Task item — The entries below must be retyped exactly. Pictures are to be omitted.

Pictures with short captions

▬▬▬▬▬▬

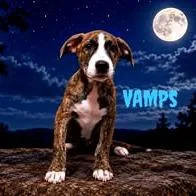 A baby medium-sized male Brindle Mixed Breed dog named Vamps for adoption in Joliet, IL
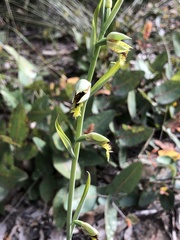 Calochilus campestris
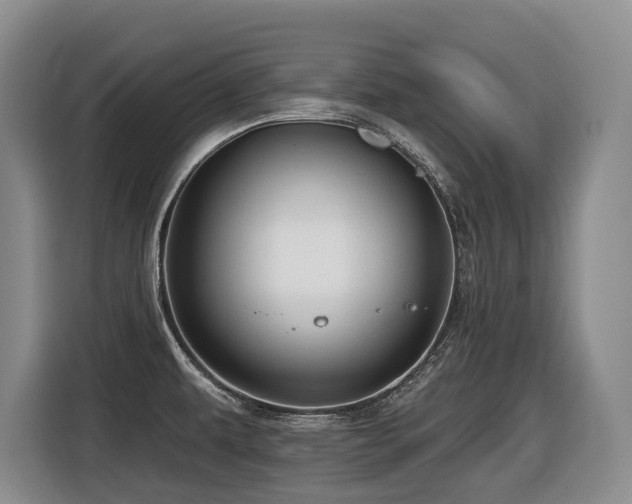 X0000116451479200912081607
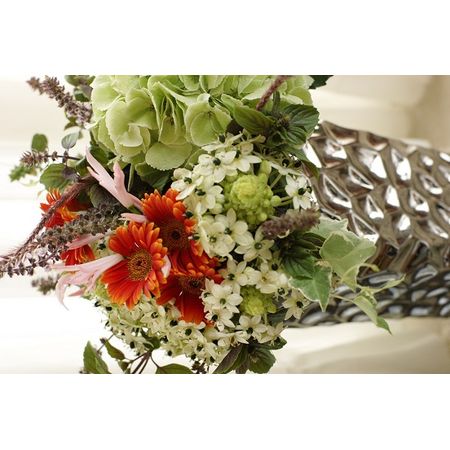 生花】【さぎやま】ガーベラ ふわふわ(オレンジ系ツートン)※入荷少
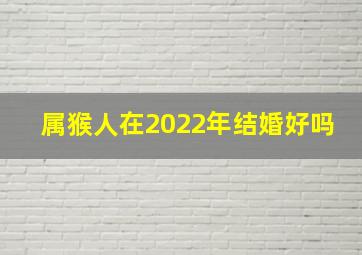 属猴人在2022年结婚好吗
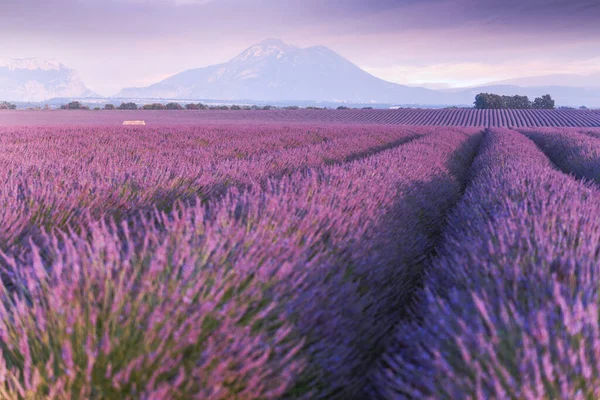 Provence, Valensole-platået. Lavendelfelt i full blomst og landskap. – stockfoto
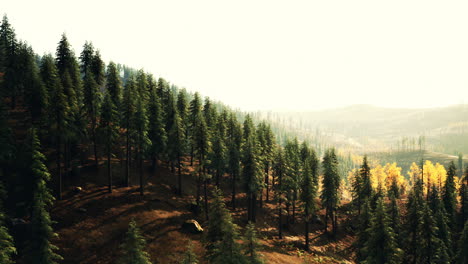 sunlight filters through evergreens on a hillside in a tranquil forest setting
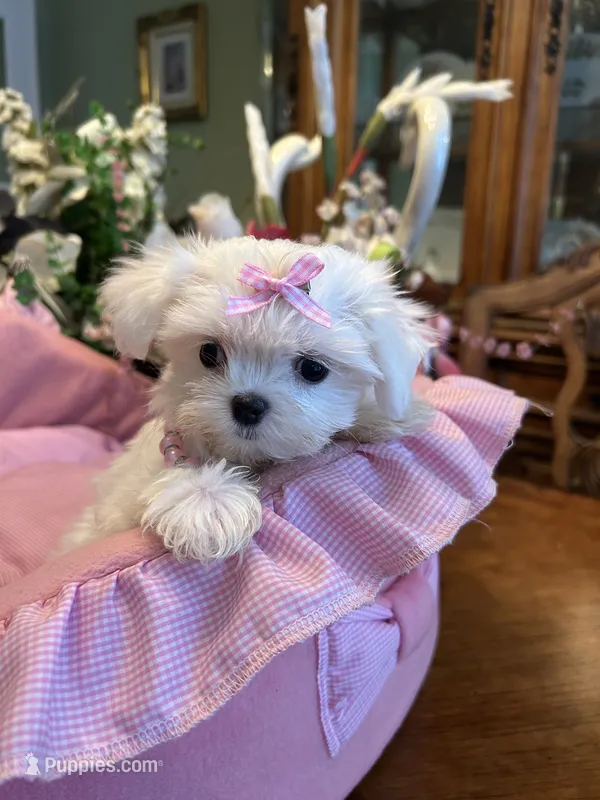 ANGELICA – Maltese puppy for sale in Winter Haven, FL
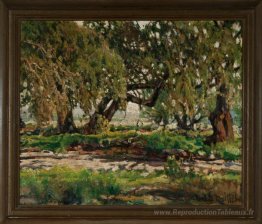 Edge of the Oak Grove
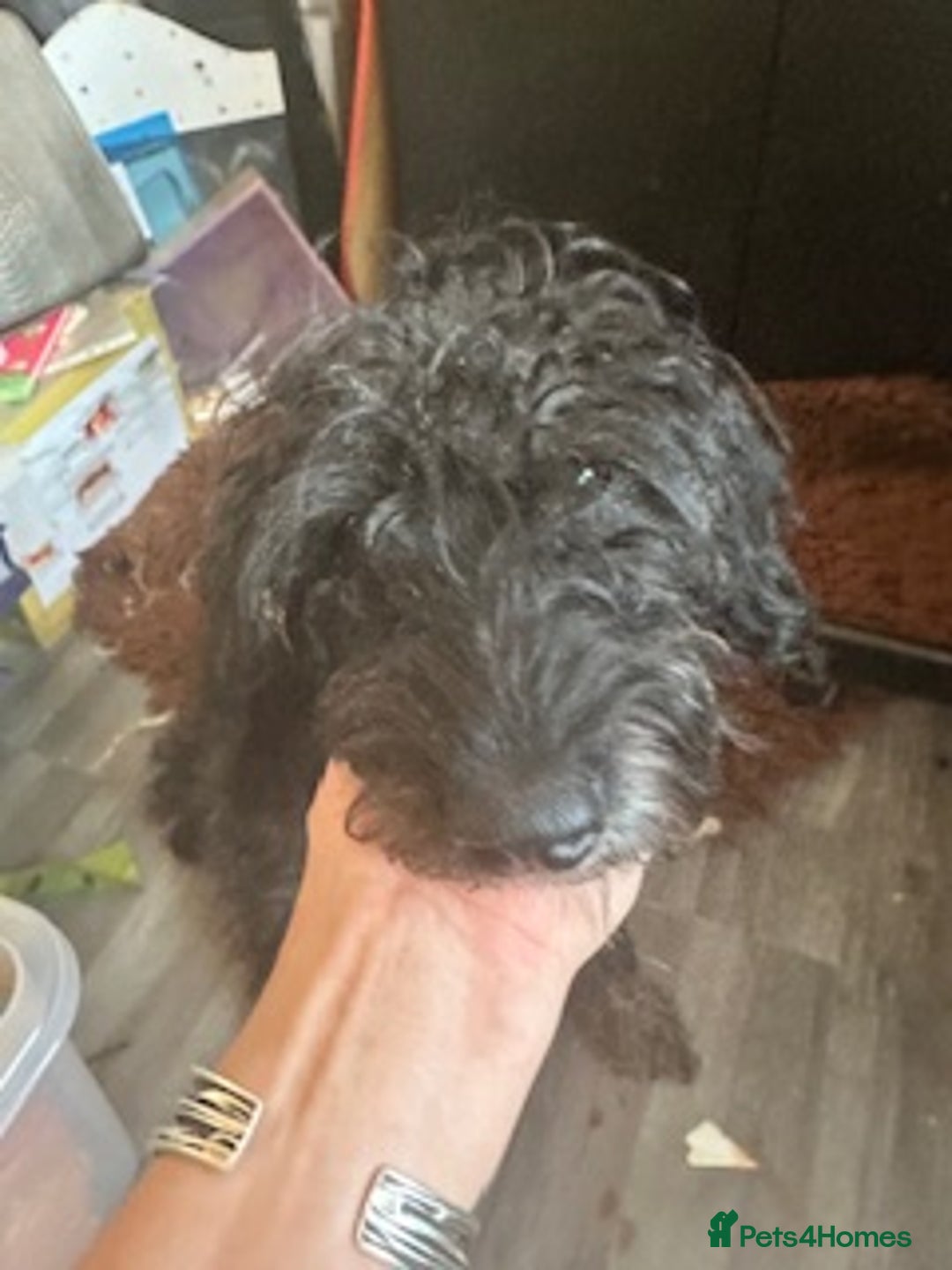 Mixed Breed dogs for sale: Male 8 month miniature Schnoodle - Image 6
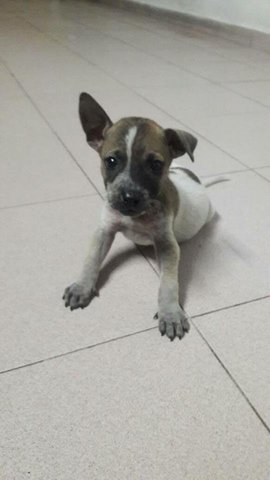 Male &amp; Female Pup - Mixed Breed Dog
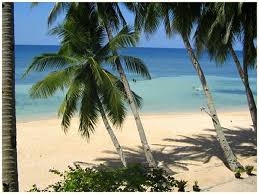 It is also the nam. Durhan White Beach Resort In Tabuelan Cebu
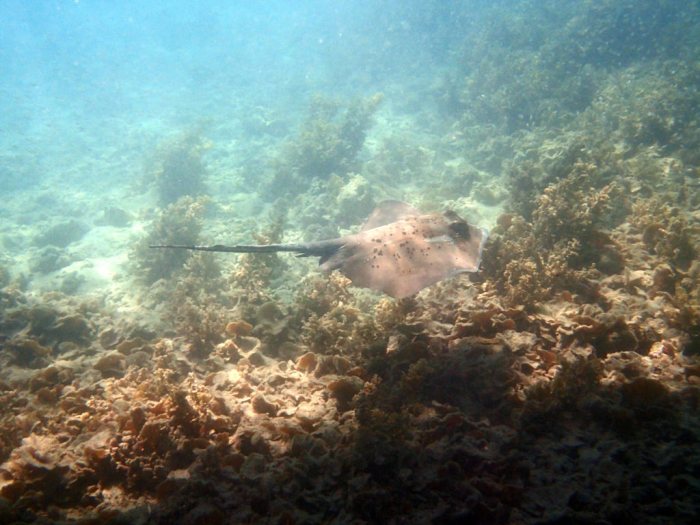 Neotrygon kuhlii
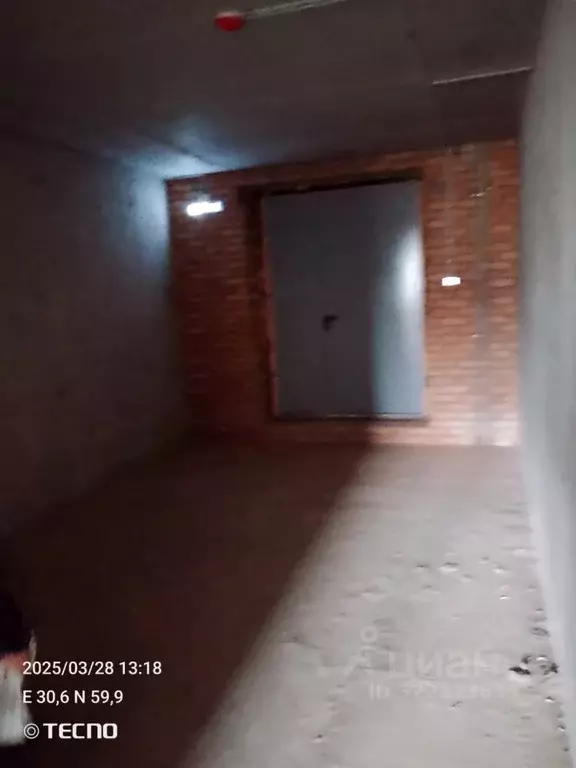 Помещение свободного назначения в Ленинградская область, Всеволожский ... - Фото 1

▬▬▬▬▬▬

Response to the task —
 A baby medium-sized male Brindle Mixed Breed dog named Vamps for adoption in Joliet, IL
 Calochilus campestris
 X0000116451479200912081607
 生花】【さぎやま】ガーベラ ふわふわ(オレンジ系ツートン)※入荷少
 属猴人在2022年结婚好吗
 Provence, Valensole-platået. Lavendelfelt i full blomst og landskap. – stockfoto
 sunlight filters through evergreens on a hillside in a tranquil forest setting
 ANGELICA – Maltese puppy for sale in Winter Haven, FL
 Edge of the Oak Grove
 Mixed Breed dogs for sale: Male 8 month miniature Schnoodle - Image 6
 Male &amp; Female Pup - Mixed Breed Dog
 It is also the nam. Durhan White Beach Resort In Tabuelan Cebu
 Neotrygon kuhlii
 Помещение свободного назначения в Ленинградская область, Всеволожский ... - Фото 1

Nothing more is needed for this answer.